Client: State of North Carolina, State Property Office

Placemaking Plan for an area of Blount Street.

The Blount Street Neighborhood in downtown Raleigh is a significant historic neighborhood approximately 20 acres in size. The State of North Carolina owns a large amount of land in the area, and has found that rather than use it strictly for office space, it will be more valuable to the city as a redevelopment site. The area represents an opportunity to attract new residents, offices, and retail to a downtown mixed-use neighborhood.

Project for Public Spaces served on the Development Advisory Team that created redevelopment guidelines which will provide direction to perspective developers who will be purchasing the land from the state. HDR lead the advisory team, which also included John Milner Architects and Real Estate Research Consultants. The team worked with the City Planning Department to develop guidelines that reflect ideas from a process that revolved around market research efforts, a community-based “Placemaking” and real estate developer roundtables where the potential for redeveloping Blount Street was looked at through the eyes of the people who live and work there.

During the process, various stakeholders were requested to look at the “ground floor” of the potential neighborhood – streets, sidewalks, parks, buildings, vacant sites, and public spaces – and evaluate how they could invite greater interaction between people while fostering a healthier, more sociable and economically viable place.
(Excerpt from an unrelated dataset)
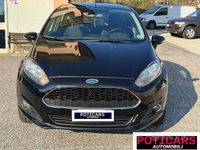 Gebraucht Ford Fiesta Business Edition 75 PS (55 kW) 2017 Schwarz Limousine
Stakeholders also presented the types of development and the character of the new infill they would like to see built.

The team developed a set of guidelines that included:

  • General Guidelines overall redevelopment concepts;
  • FoR Guidelines for designated areas that have a common form and/or use;
  • Urban Area Guidelines to be applied to mixed-use, higher density areas
  • Historic Area Guidelines recommendations for the disposition and restoration of historic properties; and
  • Public Spaces Ideas for creating lively community places.

An aerial view of the Blount Street neighborhood.

The guidelines will allow Blount Street to become a mixed-use neighborhood where the former residences are restored and converted to predominately residential use, and the remainder of the land is developed primarily for residential purposes, including a mixture of single family and multifamily.